Roger’s article appeared on ksl.comcutting this week.  It identifies a problem that is common in far more families than we think.  Especially families touched by addiction or compulsive behaviors.

A definition presented by a Cornell University study is a bit chilling: “It is the deliberate, self-inflicted destruction of body tissue … commonly associated with scratching, cutting or carving the skin, banging or punching objects or oneself, and biting oneself. Most common locations for these injuries are arms, wrists, hands and thighs.”

It is called “cutting” and is being practiced by a surprising number of youth and young adults across the spectrum of socio-economic backgrounds. However, cutting is a private affair, done out of the sight and knowledge of others, and that makes studying it and defining “at-risk” groups more difficult.

Here is how one cutter explains it:

“Cutting is not done only by emo kids; it is a way to release emotional pain when it feels like you would explode otherwise. I was captain of my soccer team in high school, could be considered among the popular kids at my school, and have an extremely loving family. I still have the scars from my cutting. Although I was lucky enough to be able to stop, other people, such as my older sister, became addicted.

Using responses from more than 11,000 randomly selected students from eight colleges, Dr. Janis Whitlock of Cornell University sought to find out who was cutting and what related mental health conditions were present.

“Findings from this study have helped shed light on who self-injures and why. The research team found 15.3 percent of the participants reported a history of self-injury, and 6.8 percent had self-injured within the previous year. Most of the students (86.4 percent) who had self-injured had done so more than once, and nearly half (42.8 percent) reported self injuring more than six times. The average age for starting self-injury was 15.2 years of age.”

“Self-injury is an overlooked public health issue,” noted Whitlock. “Far from being a rare fringe behavior, it was surprisingly common among the adolescents and young adults we surveyed.”

The Mayo Clinic website points out that while self-harm is intended, it is typically not meant to be a suicide attempt: “Rather, self-injury is an unhealthy way to cope with emotional pain, intense anger and frustration.”
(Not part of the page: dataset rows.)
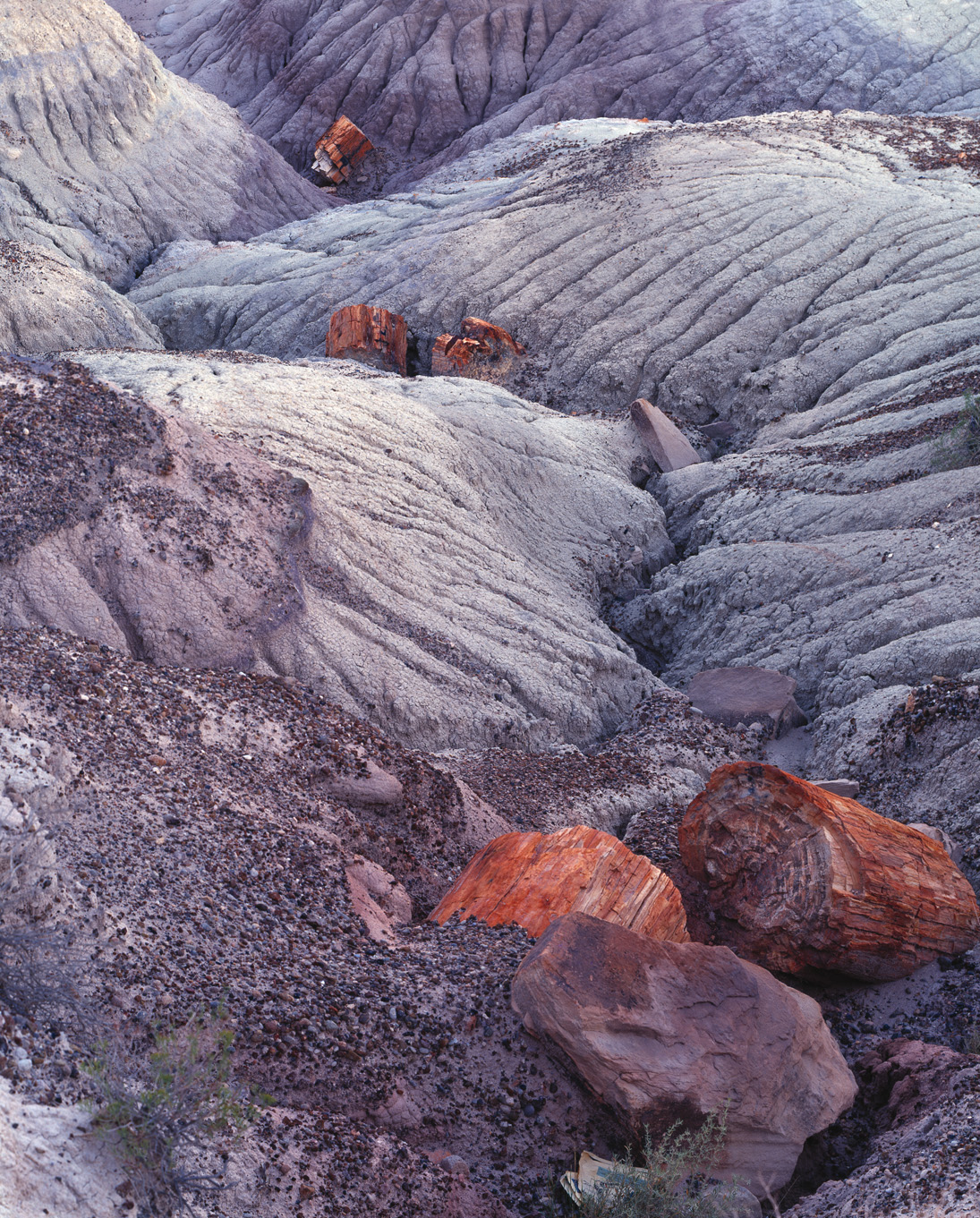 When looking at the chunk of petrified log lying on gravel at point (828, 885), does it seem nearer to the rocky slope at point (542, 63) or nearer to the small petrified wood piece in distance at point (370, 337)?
the small petrified wood piece in distance at point (370, 337)

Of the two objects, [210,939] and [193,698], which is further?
[193,698]

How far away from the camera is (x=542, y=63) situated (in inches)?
1251

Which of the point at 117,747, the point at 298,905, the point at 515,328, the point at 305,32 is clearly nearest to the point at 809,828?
the point at 298,905

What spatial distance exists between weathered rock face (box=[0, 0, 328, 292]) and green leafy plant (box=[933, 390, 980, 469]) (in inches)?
637

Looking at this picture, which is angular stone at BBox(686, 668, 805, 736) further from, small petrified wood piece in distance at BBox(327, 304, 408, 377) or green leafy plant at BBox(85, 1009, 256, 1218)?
small petrified wood piece in distance at BBox(327, 304, 408, 377)

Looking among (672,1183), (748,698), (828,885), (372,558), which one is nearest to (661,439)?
(748,698)

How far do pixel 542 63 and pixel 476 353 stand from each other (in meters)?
19.9

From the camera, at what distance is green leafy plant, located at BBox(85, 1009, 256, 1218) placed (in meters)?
2.86

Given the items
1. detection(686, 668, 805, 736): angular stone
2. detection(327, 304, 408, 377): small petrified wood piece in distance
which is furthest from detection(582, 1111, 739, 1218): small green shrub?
detection(327, 304, 408, 377): small petrified wood piece in distance

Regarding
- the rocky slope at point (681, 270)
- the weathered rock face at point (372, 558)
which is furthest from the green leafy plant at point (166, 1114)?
the rocky slope at point (681, 270)

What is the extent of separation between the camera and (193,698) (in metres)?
6.01

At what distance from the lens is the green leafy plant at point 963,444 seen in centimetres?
1031

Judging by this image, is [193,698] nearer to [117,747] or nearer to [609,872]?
[117,747]

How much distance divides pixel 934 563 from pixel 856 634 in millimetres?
915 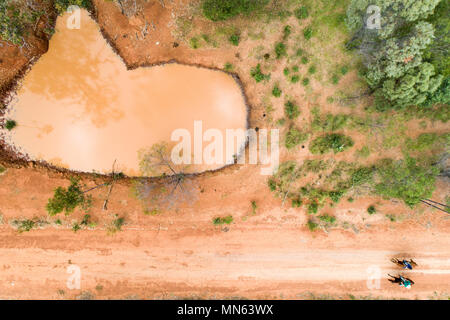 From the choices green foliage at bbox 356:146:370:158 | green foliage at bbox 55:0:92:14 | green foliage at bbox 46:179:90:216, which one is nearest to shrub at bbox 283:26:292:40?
green foliage at bbox 356:146:370:158

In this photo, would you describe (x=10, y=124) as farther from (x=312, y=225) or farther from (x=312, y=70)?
(x=312, y=225)

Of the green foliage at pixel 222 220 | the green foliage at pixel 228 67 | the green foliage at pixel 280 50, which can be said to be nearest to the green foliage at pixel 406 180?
the green foliage at pixel 280 50

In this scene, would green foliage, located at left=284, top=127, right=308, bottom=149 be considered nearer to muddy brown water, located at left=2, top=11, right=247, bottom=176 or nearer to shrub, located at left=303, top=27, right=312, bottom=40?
muddy brown water, located at left=2, top=11, right=247, bottom=176

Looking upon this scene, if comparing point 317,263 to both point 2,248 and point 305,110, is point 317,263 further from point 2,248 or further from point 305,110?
point 2,248

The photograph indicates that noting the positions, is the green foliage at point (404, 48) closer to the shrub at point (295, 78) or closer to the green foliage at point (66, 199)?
the shrub at point (295, 78)

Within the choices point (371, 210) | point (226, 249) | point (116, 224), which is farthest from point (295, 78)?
point (116, 224) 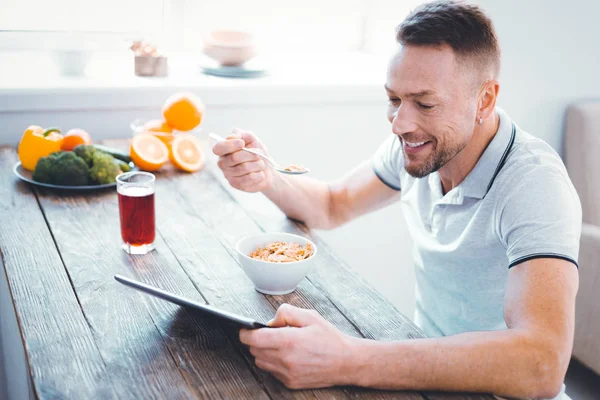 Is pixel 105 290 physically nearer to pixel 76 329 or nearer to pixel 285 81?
pixel 76 329

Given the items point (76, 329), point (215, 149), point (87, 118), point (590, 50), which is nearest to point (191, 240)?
point (215, 149)

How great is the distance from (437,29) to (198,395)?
Result: 31.6 inches

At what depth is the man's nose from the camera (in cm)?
135

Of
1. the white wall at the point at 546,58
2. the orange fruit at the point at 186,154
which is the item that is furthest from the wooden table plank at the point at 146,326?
the white wall at the point at 546,58

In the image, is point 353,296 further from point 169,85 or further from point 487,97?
point 169,85

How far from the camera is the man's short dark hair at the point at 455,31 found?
130cm

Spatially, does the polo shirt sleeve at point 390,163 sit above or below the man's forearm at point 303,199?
above

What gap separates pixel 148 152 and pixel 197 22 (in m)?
1.00

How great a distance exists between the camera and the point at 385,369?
102 centimetres

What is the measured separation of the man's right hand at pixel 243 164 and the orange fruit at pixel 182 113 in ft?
1.31

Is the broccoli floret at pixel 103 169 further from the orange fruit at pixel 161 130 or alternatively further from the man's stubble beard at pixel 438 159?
the man's stubble beard at pixel 438 159

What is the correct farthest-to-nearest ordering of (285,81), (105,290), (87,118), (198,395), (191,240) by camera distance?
(285,81)
(87,118)
(191,240)
(105,290)
(198,395)

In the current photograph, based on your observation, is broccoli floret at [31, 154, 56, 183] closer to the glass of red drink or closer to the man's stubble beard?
the glass of red drink

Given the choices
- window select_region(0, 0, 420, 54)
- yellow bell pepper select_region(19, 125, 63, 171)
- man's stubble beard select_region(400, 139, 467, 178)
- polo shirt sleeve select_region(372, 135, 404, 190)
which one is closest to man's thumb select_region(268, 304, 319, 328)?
man's stubble beard select_region(400, 139, 467, 178)
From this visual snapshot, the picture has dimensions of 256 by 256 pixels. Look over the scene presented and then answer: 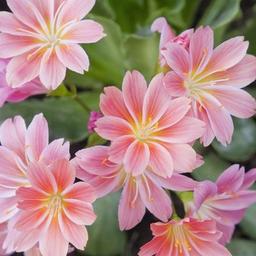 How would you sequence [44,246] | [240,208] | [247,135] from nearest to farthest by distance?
[44,246], [240,208], [247,135]

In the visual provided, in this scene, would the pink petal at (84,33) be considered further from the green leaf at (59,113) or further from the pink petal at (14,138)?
the green leaf at (59,113)

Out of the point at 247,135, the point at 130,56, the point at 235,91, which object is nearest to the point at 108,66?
the point at 130,56

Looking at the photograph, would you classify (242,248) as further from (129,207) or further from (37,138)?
(37,138)

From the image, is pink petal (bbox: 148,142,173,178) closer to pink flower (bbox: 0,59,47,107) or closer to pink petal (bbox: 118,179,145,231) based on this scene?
pink petal (bbox: 118,179,145,231)

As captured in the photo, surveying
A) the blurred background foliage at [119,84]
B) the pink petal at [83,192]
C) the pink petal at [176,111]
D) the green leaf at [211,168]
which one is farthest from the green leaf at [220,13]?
the pink petal at [83,192]

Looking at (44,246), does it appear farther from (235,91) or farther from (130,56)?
(130,56)

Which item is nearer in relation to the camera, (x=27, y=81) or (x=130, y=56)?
(x=27, y=81)

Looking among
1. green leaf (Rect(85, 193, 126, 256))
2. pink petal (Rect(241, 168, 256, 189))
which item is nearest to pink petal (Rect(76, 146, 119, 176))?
pink petal (Rect(241, 168, 256, 189)) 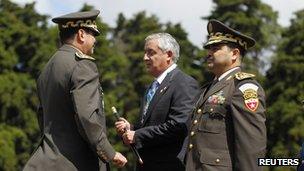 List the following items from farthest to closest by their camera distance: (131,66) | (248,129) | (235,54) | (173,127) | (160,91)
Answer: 1. (131,66)
2. (160,91)
3. (173,127)
4. (235,54)
5. (248,129)

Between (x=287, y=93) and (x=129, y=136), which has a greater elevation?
(x=129, y=136)

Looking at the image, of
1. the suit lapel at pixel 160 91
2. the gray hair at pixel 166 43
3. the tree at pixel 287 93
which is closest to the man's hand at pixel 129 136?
the suit lapel at pixel 160 91

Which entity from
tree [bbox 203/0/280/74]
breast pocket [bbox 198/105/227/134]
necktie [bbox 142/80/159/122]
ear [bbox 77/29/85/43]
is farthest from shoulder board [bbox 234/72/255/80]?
tree [bbox 203/0/280/74]

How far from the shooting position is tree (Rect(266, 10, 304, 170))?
2834 centimetres

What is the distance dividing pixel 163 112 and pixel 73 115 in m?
1.05

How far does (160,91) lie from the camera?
21.5ft

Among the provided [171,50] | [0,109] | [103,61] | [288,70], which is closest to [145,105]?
[171,50]

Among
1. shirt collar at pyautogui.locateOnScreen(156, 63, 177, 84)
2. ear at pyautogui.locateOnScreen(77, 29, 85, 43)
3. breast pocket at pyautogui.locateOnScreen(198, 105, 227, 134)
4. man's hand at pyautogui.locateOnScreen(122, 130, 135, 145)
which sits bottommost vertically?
man's hand at pyautogui.locateOnScreen(122, 130, 135, 145)

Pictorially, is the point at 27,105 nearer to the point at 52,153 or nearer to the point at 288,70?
the point at 288,70

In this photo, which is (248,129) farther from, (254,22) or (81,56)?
(254,22)

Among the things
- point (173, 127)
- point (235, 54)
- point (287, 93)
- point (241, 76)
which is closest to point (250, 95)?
point (241, 76)

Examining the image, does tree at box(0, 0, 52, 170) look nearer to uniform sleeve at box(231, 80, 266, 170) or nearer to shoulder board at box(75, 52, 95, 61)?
shoulder board at box(75, 52, 95, 61)

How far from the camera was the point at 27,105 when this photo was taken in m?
34.1

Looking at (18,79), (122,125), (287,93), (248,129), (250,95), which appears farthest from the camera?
(18,79) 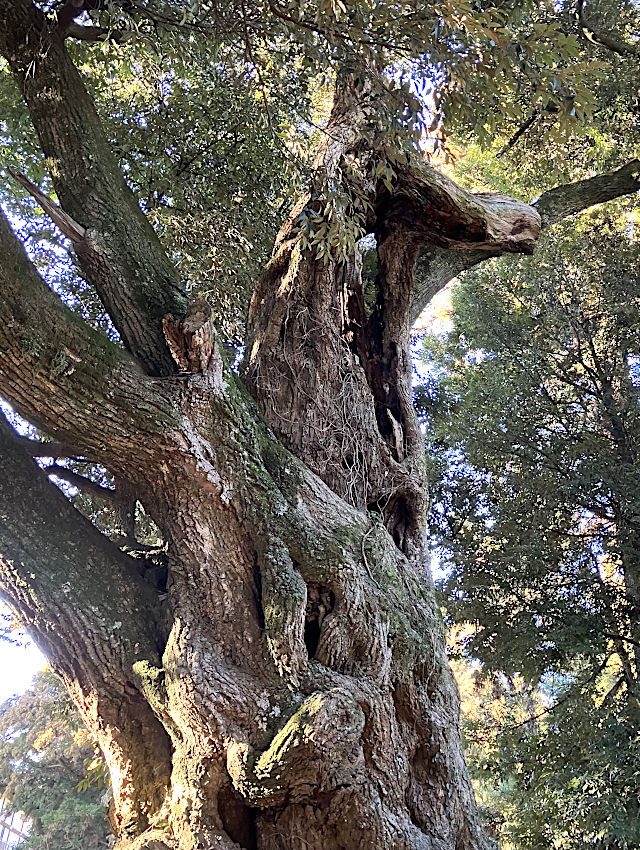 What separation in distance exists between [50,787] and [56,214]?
52.2ft

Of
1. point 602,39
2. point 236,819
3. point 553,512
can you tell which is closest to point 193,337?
point 236,819

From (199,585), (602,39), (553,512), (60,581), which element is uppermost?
(602,39)

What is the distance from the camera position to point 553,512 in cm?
848

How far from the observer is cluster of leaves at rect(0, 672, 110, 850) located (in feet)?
49.0

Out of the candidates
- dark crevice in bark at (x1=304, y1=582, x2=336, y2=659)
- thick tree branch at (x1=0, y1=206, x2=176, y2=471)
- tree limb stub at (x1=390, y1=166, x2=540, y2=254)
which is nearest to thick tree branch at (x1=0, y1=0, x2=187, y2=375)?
thick tree branch at (x1=0, y1=206, x2=176, y2=471)

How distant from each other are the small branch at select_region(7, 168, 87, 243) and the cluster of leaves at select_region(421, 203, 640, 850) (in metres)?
6.14

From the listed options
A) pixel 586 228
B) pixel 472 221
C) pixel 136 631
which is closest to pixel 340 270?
pixel 472 221

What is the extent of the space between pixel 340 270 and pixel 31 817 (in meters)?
16.4

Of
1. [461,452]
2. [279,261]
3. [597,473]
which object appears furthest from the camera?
[461,452]

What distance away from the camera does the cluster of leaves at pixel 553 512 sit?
711cm

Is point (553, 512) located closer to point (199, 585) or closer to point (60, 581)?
point (199, 585)

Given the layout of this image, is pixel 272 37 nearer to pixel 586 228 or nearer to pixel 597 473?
pixel 597 473

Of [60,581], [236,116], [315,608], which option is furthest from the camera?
[236,116]

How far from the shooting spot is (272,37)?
13.9ft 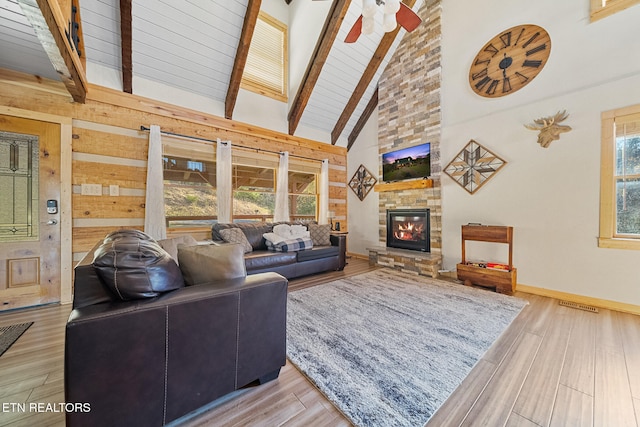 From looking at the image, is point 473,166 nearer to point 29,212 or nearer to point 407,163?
point 407,163

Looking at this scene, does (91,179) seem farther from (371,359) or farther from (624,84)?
(624,84)

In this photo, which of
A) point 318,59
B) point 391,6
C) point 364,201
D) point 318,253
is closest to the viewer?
point 391,6

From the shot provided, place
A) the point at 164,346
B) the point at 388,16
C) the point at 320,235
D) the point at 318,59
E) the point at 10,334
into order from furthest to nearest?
the point at 320,235
the point at 318,59
the point at 388,16
the point at 10,334
the point at 164,346

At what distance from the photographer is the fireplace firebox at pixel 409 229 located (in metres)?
4.40

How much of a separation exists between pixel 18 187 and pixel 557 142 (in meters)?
6.34

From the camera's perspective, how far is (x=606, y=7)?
2684 mm

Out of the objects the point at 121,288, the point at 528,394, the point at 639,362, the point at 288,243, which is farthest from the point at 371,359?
the point at 288,243

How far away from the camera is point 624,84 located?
2.59 m

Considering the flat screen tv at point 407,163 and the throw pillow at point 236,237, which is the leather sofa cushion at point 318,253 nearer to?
the throw pillow at point 236,237

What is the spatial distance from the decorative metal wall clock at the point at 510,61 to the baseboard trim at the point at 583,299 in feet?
9.05

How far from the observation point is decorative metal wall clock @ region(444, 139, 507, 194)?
3543mm

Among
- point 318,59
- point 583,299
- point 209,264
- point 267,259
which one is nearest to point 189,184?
point 267,259

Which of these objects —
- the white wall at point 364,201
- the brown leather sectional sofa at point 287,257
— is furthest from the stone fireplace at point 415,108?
Result: the brown leather sectional sofa at point 287,257

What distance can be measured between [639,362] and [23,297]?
5.63 metres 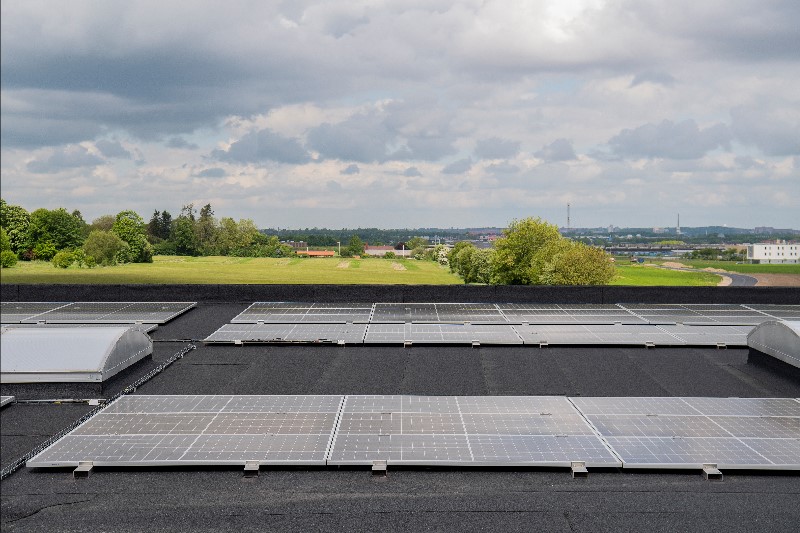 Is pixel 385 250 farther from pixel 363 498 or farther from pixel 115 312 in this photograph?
pixel 363 498

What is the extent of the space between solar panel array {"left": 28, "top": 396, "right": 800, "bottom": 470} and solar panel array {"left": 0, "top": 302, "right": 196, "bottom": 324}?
8535 millimetres

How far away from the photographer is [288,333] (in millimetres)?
16859

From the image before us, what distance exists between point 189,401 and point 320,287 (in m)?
12.0

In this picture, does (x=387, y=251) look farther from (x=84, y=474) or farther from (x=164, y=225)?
(x=84, y=474)

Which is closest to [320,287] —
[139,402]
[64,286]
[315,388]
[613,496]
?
[64,286]

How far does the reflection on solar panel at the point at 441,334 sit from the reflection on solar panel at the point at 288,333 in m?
0.47

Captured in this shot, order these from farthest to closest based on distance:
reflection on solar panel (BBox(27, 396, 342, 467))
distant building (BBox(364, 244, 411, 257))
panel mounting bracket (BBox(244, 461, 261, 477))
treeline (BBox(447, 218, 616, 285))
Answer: treeline (BBox(447, 218, 616, 285)) → distant building (BBox(364, 244, 411, 257)) → reflection on solar panel (BBox(27, 396, 342, 467)) → panel mounting bracket (BBox(244, 461, 261, 477))

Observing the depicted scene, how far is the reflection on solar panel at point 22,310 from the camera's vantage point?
725 inches

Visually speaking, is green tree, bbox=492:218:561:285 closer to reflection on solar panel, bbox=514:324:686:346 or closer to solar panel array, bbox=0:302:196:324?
reflection on solar panel, bbox=514:324:686:346

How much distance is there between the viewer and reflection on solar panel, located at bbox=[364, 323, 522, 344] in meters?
16.0

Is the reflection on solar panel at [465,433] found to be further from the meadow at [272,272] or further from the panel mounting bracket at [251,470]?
the meadow at [272,272]

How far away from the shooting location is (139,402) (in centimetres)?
1088

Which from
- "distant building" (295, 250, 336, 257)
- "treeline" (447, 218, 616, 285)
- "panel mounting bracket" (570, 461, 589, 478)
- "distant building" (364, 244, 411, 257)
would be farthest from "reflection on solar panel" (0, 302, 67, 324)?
"treeline" (447, 218, 616, 285)

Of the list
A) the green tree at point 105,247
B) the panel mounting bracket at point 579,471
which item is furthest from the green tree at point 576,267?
the panel mounting bracket at point 579,471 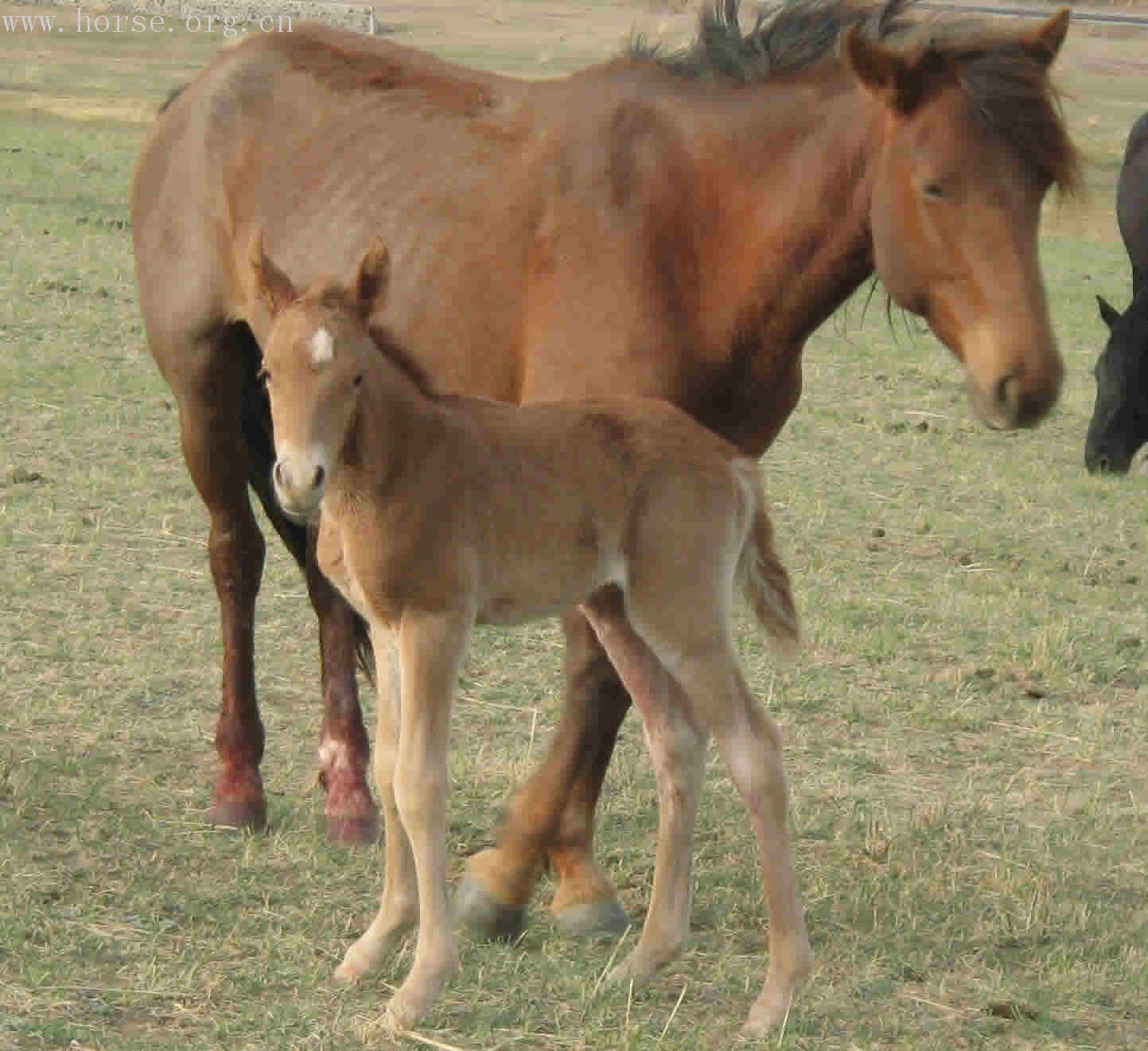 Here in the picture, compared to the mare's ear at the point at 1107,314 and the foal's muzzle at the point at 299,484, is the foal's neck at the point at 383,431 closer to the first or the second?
the foal's muzzle at the point at 299,484

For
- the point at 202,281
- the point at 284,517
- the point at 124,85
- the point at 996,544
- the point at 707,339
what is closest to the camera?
the point at 707,339

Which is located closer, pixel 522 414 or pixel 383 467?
pixel 383 467

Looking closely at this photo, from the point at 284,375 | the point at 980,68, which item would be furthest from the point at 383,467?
the point at 980,68

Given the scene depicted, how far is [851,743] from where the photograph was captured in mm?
6000

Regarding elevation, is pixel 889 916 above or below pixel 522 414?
below

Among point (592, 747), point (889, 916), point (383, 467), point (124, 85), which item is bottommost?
point (124, 85)

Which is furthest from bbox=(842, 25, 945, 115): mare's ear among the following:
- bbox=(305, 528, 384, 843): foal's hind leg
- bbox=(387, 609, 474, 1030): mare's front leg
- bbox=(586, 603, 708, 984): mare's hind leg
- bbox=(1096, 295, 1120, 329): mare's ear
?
bbox=(1096, 295, 1120, 329): mare's ear

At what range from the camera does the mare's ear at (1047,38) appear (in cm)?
427

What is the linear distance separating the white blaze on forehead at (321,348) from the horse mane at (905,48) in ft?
4.35

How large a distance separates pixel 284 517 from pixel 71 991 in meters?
2.09

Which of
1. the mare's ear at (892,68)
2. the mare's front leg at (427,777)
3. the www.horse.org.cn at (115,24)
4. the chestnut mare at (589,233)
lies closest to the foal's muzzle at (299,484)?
the mare's front leg at (427,777)

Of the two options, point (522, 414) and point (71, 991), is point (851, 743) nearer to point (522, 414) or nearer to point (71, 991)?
point (522, 414)

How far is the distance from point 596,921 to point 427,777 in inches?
32.9

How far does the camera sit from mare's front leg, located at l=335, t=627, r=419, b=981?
159 inches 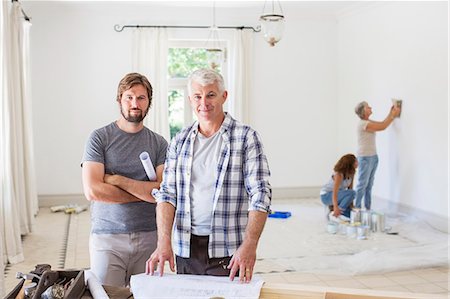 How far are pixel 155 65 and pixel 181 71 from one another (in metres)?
0.52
“While self-injury may bring a momentary sense of calm and a release of tension,” the web page continues, “It’s usually followed by guilt and shame and the return of painful emotions. Because self-injury is often done impulsively, it can be considered an impulse-control behavior problem. Self-injury may be linked to a variety of mental disorders, such as depression, eating disorders and borderline personality disorder.”

Whitlock’s study produced the following bullet points:

  • Females were more likely to participate in the behavior.
  • Females tend to cut or scratch wrists, arms or thighs.
  • Males are more likely to endorse punching objects with intention of hurting themselves.
  • Males more likely to be sensation-seeking, angry or under the influence of drugs.
  • Males more likely to engage in a social context rather than self injury alone.
  • Self-injury is a “red flag” for later suicide risk.

Emphasizing the secrecy aspect of cutting, Whitlock’s study found that “close to a quarter of the students with a history of self-injury indicated that no one knew about it. Even among those who had attended therapy for any reason, only about 17 percent had disclosed their self-injury to a health care provider.”

The most important protective factor, not surprisingly, is communication with parents. Conversely, the lack of communication with parents is a leading risk factor. Most cutters begin the behavior at about 14 years of age and “grow out” of cutting by the age 30.

Warning signs that a family member or friend is cutting or self-injuring:

  • Unexplained wounds or scars from cuts, bruises or burns, usually on the wrists, arms, thighs or chest.
  • Blood stains on clothing, towels or bedding; blood-soaked tissues.
  • Sharp objects or cutting instruments, such as razors, knives, needles, glass shards or bottle caps, in the person’s belongings.
  • Frequent “accidents.” Someone who self-harms may claim to be clumsy or have many mishaps in order to explain away injuries.
  • Covering up. A person who self-injures may insist on wearing long sleeves or long pants, even in hot weather.
  • Needing to be alone for long periods of time, especially in the bedroom or bathroom.
  • Isolation and irritability.

The words of our anonymous cutter bring a warning:

“Cutting is not something to mess around with. However, it is naive to dismiss cutting as simply a way to get attention. It is also naive to scorn those who seem to have perfect lives as being stupid for cutting. People do not choose to be depressed.”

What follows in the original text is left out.